The day arrived, and we dutifully completed our training, which mostly consisted of reminding us over and over again what to do if our chute didn’t open properly and, very importantly, in which order to pull things if worse came to worst and we had to use our secondary chute (deploying the emergency chute before releasing the primary chute would apparently be Very Bad).

Then it was time to get in the plane. I was so excited, and of course I was determined to go first, so I was seated next to the door. The plane reached jumping height, and I looked down, and . . . NOPE. All my bravado melted away. What the fuck was I thinking? I couldn’t even bring myself to dive off the high board when my dad offered me $20 to do so on a dare. There was no way I was doing this. So one by one my three friends clambered over me and exited the plane to fates unknown. Finally, I was the last one left. I had a choice: ride back down in the plane or fling myself out of it like a fucking idiot. Too young and prideful to slink back down to the ground in safety, I somehow screwed up the courage to be a fucking idiot.

Here’s the thing a lot of people don’t know about (some) skydiving: You don’t actually jump out of the plane, or at least we didn’t.

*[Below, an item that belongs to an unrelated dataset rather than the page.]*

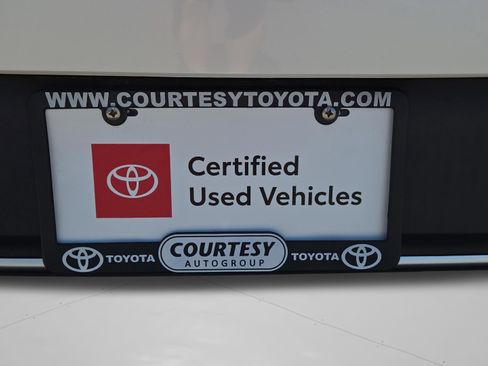 Certified 2024 Toyota Crown Platinum AWD/4WD image 33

What I had to do was creep out onto the plane’s step, then grab the strut under the wing and hang on like Superman until the pilot gave the signal for me to let go. They made it clear that once I was out of the plane, I was skydiving whether I liked it or not (it was too dangerous to try to get back in the plane, so anyone who refused to let go would be waggled off). I inched my way out, grabbed the strut, and closed my eyes. I have no idea if the pilot ever signaled me. I just forced my hands open and flew backwards.

This was static line skydiving, meaning my cord was pulled when I let go, leaving me with roughly eight seconds of free fall before my chute, God willing, would deploy. All of that training was for naught, because if my chute hadn’t opened properly, I’d have died. My brain was offline; I basically ceased to exist for those eight seconds. Then my chute flared, and I was floating.

I wish I could say it was magical, life changing, etc., and in some ways it was, but mostly, for me, it was terrifying. It was an experience fundamentally Not For Humans. The floating was pretty transcendental, and I enjoyed it, jabbering to myself all the while, but soon I started worrying about getting down, trying to spot the airport where I was supposed to land and checking my altimeter to make sure I was following instructions. So when I was meant to be one with the godhead, mostly I was just contemplating what would happen if I ended up on the interstate.

I got down just fine and even landed mostly on target, albeit on my ass (and I’m told that my feet were pedaling like a cartoon character from about 50 feet up). Alive and well, I was elated, proud of myself, and already slightly regretful that I was too scared to better appreciate my first jump.

It was also my last jump. Hell if I was doing that again! But I know full well that these days I would never have gotten out of that plane, so kudos to young jake for giving me an experience that was not quite what I had envisioned, but which I’m glad I had and will never forget.

Have an awesome Night Thread, Avocados!